The lines below starting at the line containing "Tissue Tisu Livi Smart Hand Towel 150s" and ending at the line containing "ピアス TATIANA (SILVER925)" are to be repeated exactly, with both ends kept and nothing else added.

## Working data
==================================================

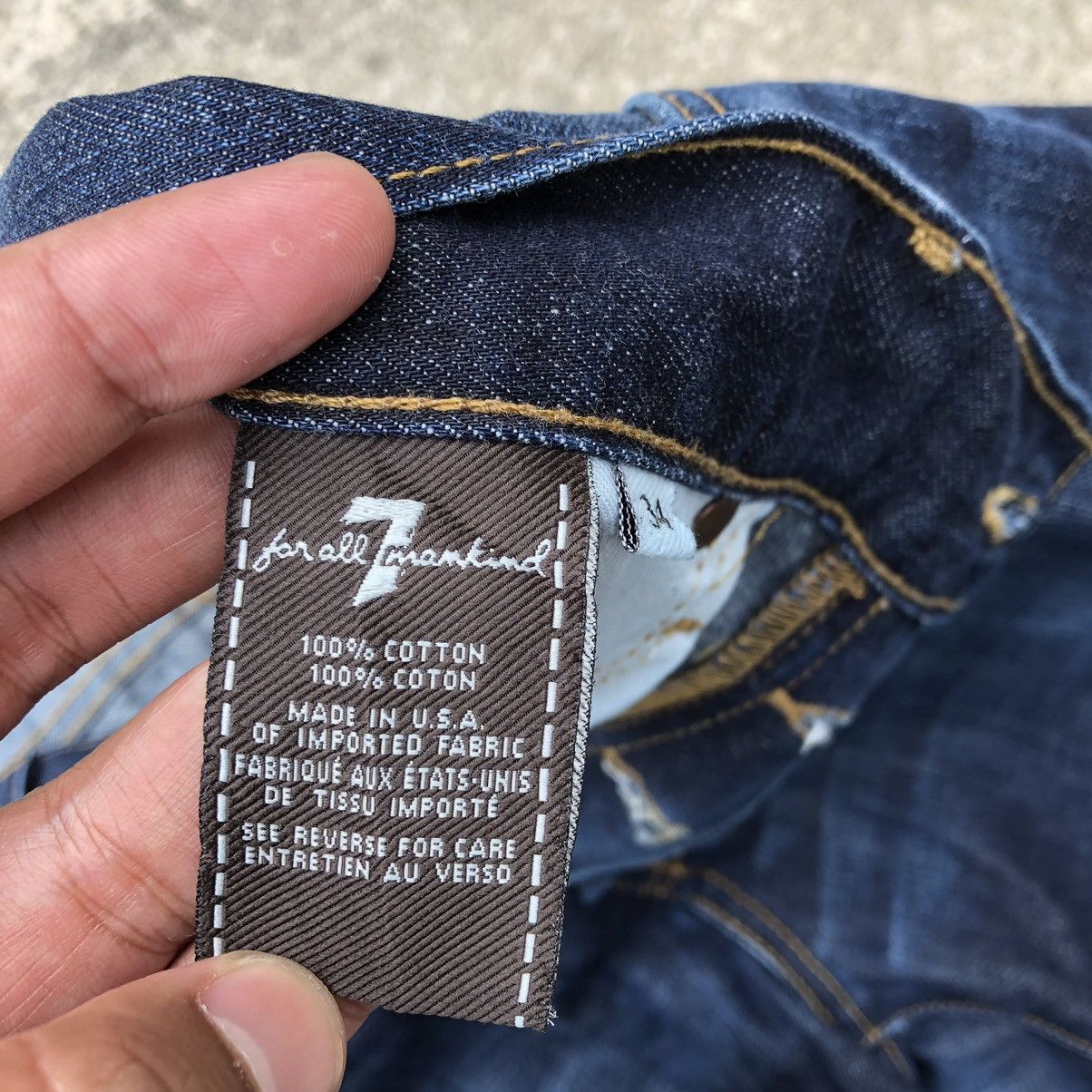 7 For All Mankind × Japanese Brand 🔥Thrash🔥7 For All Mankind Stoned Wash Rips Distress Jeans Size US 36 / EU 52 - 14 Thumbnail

==================================================

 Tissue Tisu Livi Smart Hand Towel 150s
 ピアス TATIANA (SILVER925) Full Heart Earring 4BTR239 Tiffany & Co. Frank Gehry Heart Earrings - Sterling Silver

==================================================

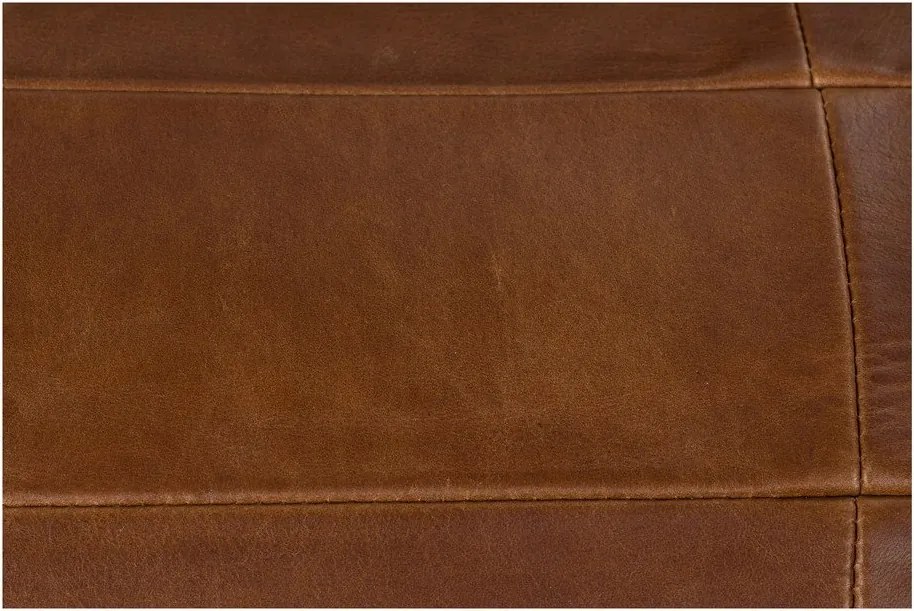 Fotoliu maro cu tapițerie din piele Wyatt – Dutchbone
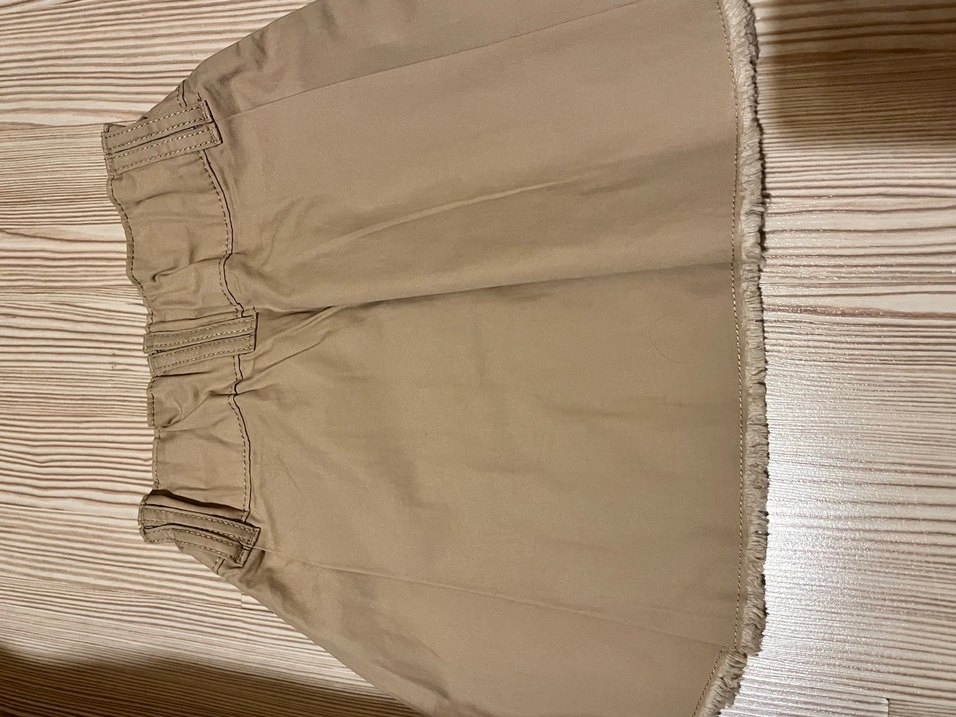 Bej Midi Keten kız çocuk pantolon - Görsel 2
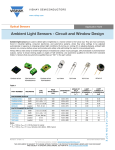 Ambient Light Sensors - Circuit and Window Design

==================================================

## Exercise output
 Tissue Tisu Livi Smart Hand Towel 150s
 ピアス TATIANA (SILVER925) Full Heart Earring 4BTR239 Tiffany & Co. Frank Gehry Heart Earrings - Sterling Silver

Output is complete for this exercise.